- _Exercise requirements_
Look below for the line with "sygnalizator-zewnetrzny-sp-500-r". Extract that line and each one after it through the last, word for word.

(Data records)
☆ ☆ ☆ ☆
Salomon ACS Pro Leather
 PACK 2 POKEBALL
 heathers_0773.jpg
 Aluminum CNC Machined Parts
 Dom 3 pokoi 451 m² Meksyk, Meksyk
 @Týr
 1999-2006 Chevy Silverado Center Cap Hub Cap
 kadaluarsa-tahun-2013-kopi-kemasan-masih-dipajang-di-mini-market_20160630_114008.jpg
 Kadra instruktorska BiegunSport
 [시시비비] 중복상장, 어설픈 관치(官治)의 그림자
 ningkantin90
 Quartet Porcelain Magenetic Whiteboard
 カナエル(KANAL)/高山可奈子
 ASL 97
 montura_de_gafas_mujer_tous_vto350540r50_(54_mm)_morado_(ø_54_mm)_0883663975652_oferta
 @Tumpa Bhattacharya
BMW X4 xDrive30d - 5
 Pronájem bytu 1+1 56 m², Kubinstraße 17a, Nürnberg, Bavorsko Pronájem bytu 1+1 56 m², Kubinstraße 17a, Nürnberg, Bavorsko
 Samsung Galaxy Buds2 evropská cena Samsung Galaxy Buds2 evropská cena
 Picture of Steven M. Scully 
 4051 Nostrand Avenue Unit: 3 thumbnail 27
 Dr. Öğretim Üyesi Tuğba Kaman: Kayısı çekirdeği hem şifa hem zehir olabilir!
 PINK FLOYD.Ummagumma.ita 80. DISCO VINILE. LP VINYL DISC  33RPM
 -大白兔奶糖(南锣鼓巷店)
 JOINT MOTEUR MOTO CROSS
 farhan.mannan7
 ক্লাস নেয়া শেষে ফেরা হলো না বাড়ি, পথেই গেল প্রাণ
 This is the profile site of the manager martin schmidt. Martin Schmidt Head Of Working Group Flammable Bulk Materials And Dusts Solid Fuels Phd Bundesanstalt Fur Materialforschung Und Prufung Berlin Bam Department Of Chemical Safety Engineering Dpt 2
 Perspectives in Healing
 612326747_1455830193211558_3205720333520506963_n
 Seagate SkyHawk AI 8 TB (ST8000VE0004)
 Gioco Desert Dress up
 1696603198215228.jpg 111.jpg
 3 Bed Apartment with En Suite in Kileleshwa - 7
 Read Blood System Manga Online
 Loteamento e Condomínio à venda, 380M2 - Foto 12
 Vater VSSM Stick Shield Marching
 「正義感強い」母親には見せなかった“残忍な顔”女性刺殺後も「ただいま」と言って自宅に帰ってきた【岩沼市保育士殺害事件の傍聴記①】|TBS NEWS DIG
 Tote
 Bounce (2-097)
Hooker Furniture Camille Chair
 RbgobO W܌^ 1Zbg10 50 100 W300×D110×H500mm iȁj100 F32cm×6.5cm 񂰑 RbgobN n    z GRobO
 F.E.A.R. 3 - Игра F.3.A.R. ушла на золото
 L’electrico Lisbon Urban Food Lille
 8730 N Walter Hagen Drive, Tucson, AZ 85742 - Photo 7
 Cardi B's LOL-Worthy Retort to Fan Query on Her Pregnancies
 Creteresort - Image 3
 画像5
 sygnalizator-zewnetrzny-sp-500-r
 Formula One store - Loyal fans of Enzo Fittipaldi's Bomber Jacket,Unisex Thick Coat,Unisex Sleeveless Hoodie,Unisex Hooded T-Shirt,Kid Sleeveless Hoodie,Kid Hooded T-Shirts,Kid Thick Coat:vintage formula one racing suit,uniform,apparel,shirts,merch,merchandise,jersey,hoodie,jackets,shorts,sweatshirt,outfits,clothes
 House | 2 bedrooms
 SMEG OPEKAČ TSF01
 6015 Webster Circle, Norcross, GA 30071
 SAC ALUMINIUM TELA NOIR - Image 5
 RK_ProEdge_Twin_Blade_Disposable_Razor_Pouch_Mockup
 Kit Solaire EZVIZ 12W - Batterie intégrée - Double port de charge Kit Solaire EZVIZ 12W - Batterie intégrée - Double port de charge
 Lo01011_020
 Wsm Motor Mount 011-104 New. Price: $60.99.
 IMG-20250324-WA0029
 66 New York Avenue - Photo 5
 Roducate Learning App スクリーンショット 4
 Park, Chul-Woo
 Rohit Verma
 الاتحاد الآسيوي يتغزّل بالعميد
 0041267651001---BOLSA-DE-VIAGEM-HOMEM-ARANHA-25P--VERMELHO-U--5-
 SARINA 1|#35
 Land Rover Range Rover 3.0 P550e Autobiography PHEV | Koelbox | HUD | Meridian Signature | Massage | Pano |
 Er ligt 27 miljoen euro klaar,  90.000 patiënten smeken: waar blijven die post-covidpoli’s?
☆ ☆ ☆ ☆
- _Solution for this task_
 sygnalizator-zewnetrzny-sp-500-r
 Formula One store - Loyal fans of Enzo Fittipaldi's Bomber Jacket,Unisex Thick Coat,Unisex Sleeveless Hoodie,Unisex Hooded T-Shirt,Kid Sleeveless Hoodie,Kid Hooded T-Shirts,Kid Thick Coat:vintage formula one racing suit,uniform,apparel,shirts,merch,merchandise,jersey,hoodie,jackets,shorts,sweatshirt,outfits,clothes
 House | 2 bedrooms
 SMEG OPEKAČ TSF01
 6015 Webster Circle, Norcross, GA 30071
 SAC ALUMINIUM TELA NOIR - Image 5
 RK_ProEdge_Twin_Blade_Disposable_Razor_Pouch_Mockup
 Kit Solaire EZVIZ 12W - Batterie intégrée - Double port de charge Kit Solaire EZVIZ 12W - Batterie intégrée - Double port de charge
 Lo01011_020
 Wsm Motor Mount 011-104 New. Price: $60.99.
 IMG-20250324-WA0029
 66 New York Avenue - Photo 5
 Roducate Learning App スクリーンショット 4
 Park, Chul-Woo
 Rohit Verma
 الاتحاد الآسيوي يتغزّل بالعميد
 0041267651001---BOLSA-DE-VIAGEM-HOMEM-ARANHA-25P--VERMELHO-U--5-
 SARINA 1|#35
 Land Rover Range Rover 3.0 P550e Autobiography PHEV | Koelbox | HUD | Meridian Signature | Massage | Pano |
 Er ligt 27 miljoen euro klaar,  90.000 patiënten smeken: waar blijven die post-covidpoli’s?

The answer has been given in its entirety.